We were all encouraged to submit questions days beforehand, which were then compiled by the moderator, my CS50 professor David Malan. Mark said he didn’t start Facebook for money (today, his personal wealth amounts to $17.5 billion), nor did he think the website would become what it is today. He said his impetus for Facebook was simply because he thought it was cool. Despite reading about Mark being an unpleasant person in interviews, I found him to be a laid back guy. Who knows? He very well might be unfriendly in day-to-day life. However, he seemed affable and gave candid responses to everything Professor Malan asked him.

I left Farkas Hall inspired. It was 6:30 PM, and my face must have been beaming as I walked out because a reporter from the local news on NBC decided to pull me aside. Not that I didn’t enjoy the event, but I’m pretty sure I looked so happy because I was looking forward to dinner. Regardless, she was one of the most enthusiastic human beings I’ve encountered in my lifetime, and she asked me some questions about the event. My mom was especially excited that I would have my 5 seconds of fame on the local news.

It’s surreal to think about how Mark Zuckerberg was just one of us. I don’t want to put him on this giant pedestal because yes, I guess he is just like anyone else. He wears plain, (what appears to be) Hanes t-shirts (one of my favorite things) and your everyday athletic sneakers. See Mark looking like a typical human being below.

Mark Zuckerberg Visits Harvard

Mark Zuckerberg at Harvard for "Facebook Q&A"

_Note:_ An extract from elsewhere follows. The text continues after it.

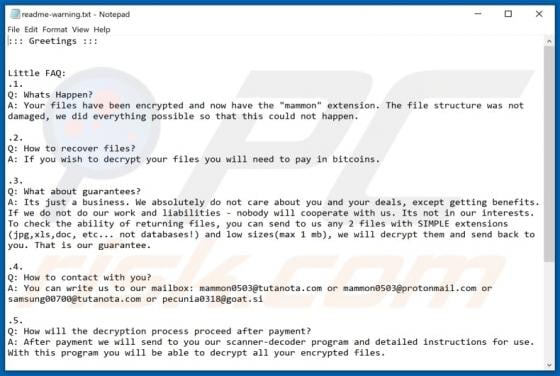 Mammon (Makop) Ransomware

But…what he’s accomplished is actually amazing. Today, Forbes Magazine cites him as the #9 Most Powerful Person in the World at the age of 27. It’s interesting to think that someone I walk by on any given day could very well be the next Mark. I think that’s pretty special. It’s one of the reasons why I love meeting new people here because everyone is so passionate and driven that you never know who will end up where. I feel just as fortunate as I do excited to be able to say I went to school with all of these people.